Neo4J Graph Database Anti-Fraud Analysis in Practice (I) - Set Up Analysis Environment
1 Introduction
In the article An Introduction to Graph Databases, we introduced the basic components of a graph, such as nodes, properties, and relationships, and also briefly described the advantages of graph databases over traditional relational databases. Starting from this article, we will use anti-fraud analysis as an example to practice using graph databases in real-world applications!
In a fraud scenario, bad actors typically obtain real customer identity information through channels such as phishing, malware, and the dark web. With this information, they can take over accounts by tampering with verification information or directly using this information for fraudulent transactions. Moreover, bad actors usually have a certain number of devices, identity cards, emails, phone numbers, and other pieces of information to pass service provider verification checks. Therefore, there is a certain degree of connection between the hijacked account and the information of these bad actors. This practical series focuses on using graph databases to mine potential connections behind fraud, and this article will introduce the basic knowledge of the analysis environment and graph database queries.
2 Neo4J Graph Database
Neo4J is a graph database solution provider, and its official website provides a series of tutorials and research environments for readers to learn.
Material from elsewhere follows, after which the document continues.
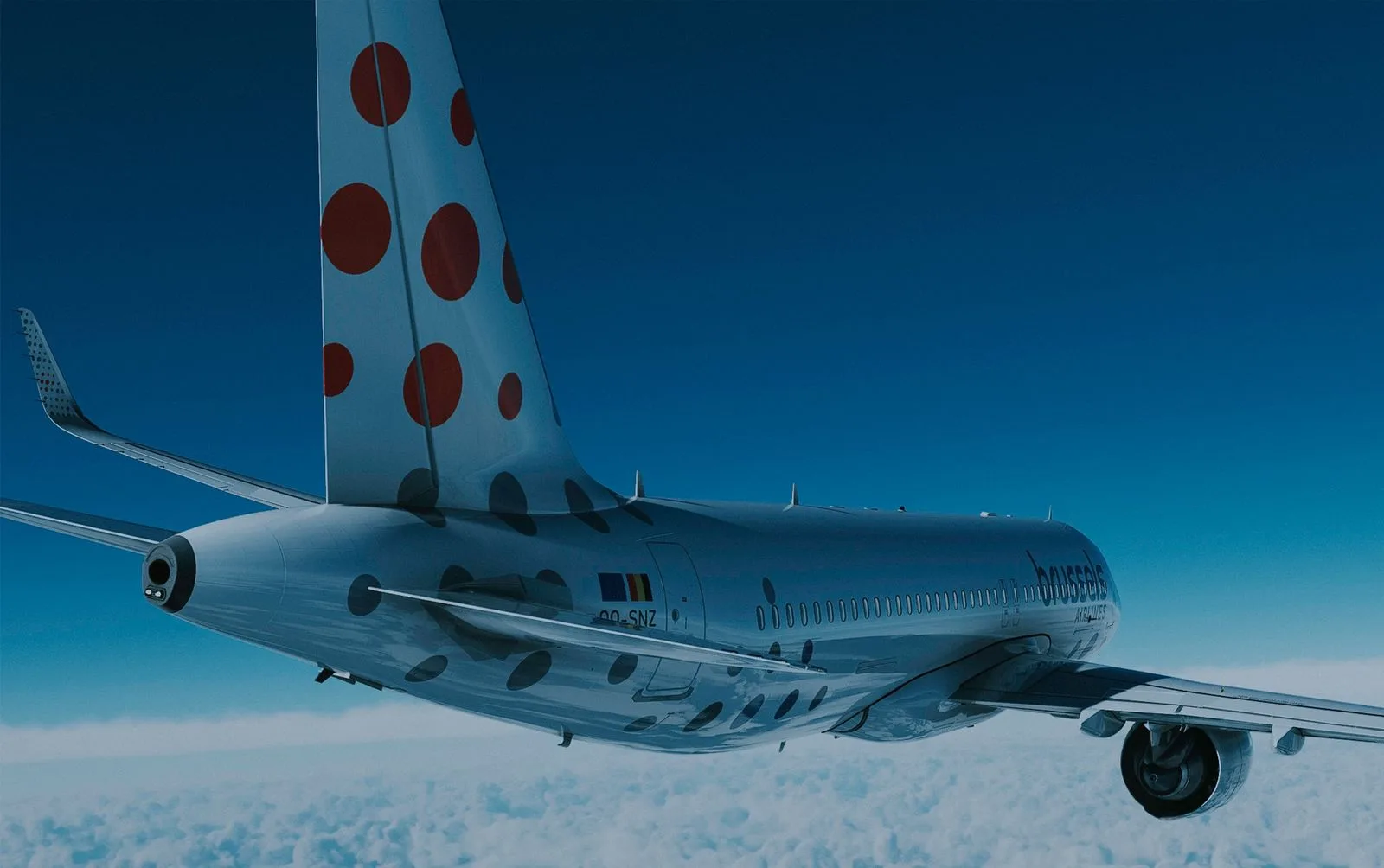 Brussels Airlines aircraft flying above the clouds.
This practical exercise uses the sample data and computing resources provided by its Sandbox, which provides free instances for researchers to experiment with.
To get started, click "Free Use" to create a database, and find Fraud Detection
to start exploring (remember the password)!
3 Cypher Query Language
Just as SQL (Structured Query Language) is used to query relational databases, Neo4J Graph Database also has its own query language - Cypher. In Cypher, parentheses () are used to query nodes, such as (p:Person)
, where p
is a variable and Person
is the type of the node.
Square brackets should be used to query relationships, such as [w:WORKS_FOR]
, where w
is a variable and WORKS_FOR
is the type of relationship. The combination of the two can query the graph that meets the conditions, such as querying the actors who appear in a movie:
MATCH (p:Person)-[relatedTo]-(m:Movie {title: "Cloud Atlas"})
RETURN p, m, relatedTo
Here, MATCH
defines the matching rules, and RETURN
defines what to return. Properties are defined using curly braces {}, such as querying people who have acted in movies with Tom Hanks:
MATCH (tom:Person {name: 'Tom Hanks'})-[a:ACTED_IN]->(m:Movie)<-[rel:ACTED_IN]-(p:Person)
return p, a, rel, m, tom
Cypher does not require table joins, so its query statements are as smooth as natural language. Neo4J provides a complete Cypher operation manual, which is also a good reference.
4 Using Graph Databases
After understanding the basics above, you can officially enter the graph database. Click on the Fraud Detection
graph database and open it in the browser to see the operation interface. The sidebar displays information about the database, and the main interface on the right is the area where queries are constructed. The anti-fraud practical exercise can now officially begin!